Supplied records START

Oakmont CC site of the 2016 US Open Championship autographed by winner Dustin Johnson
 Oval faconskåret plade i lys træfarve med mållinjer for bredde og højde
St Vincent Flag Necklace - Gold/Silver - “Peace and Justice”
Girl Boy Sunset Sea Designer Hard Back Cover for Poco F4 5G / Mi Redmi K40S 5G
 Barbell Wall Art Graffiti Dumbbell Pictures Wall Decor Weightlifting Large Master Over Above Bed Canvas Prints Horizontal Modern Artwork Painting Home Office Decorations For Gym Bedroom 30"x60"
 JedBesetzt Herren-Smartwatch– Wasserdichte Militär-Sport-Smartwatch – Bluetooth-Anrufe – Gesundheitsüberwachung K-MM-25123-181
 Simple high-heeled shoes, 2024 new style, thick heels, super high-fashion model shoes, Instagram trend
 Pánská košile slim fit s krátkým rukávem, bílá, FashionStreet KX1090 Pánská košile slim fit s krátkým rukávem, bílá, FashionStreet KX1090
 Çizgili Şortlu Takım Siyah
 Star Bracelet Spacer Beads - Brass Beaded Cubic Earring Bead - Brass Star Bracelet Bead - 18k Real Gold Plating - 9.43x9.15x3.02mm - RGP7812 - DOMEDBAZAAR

Supplied records END

Exercise directions:
Count up the lines in the preceding data that include the word "Gold"; respond with the number only.

Problem solution:
2